• [Task objective]
A faithful copy of all the data is required; pictures should not be included.
== Dataset section
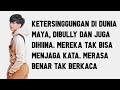 Lagu Baru Anarcute - Overthinking & Insecure (Video Lirik)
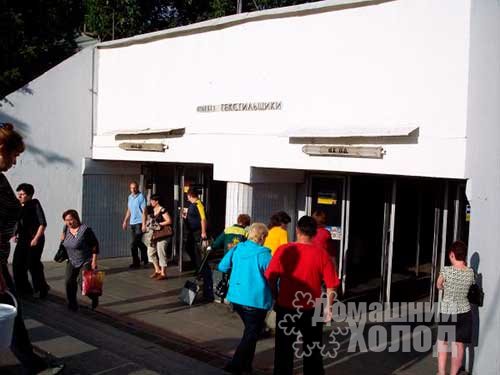 Ремонт холодильного оборудования у метро Текстильщики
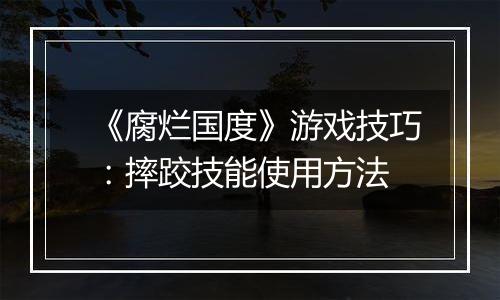 《腐烂国度》游戏技巧：摔跤技能使用方法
====
• [Answer area]
 Lagu Baru Anarcute - Overthinking & Insecure (Video Lirik)
 Ремонт холодильного оборудования у метро Текстильщики
 《腐烂国度》游戏技巧：摔跤技能使用方法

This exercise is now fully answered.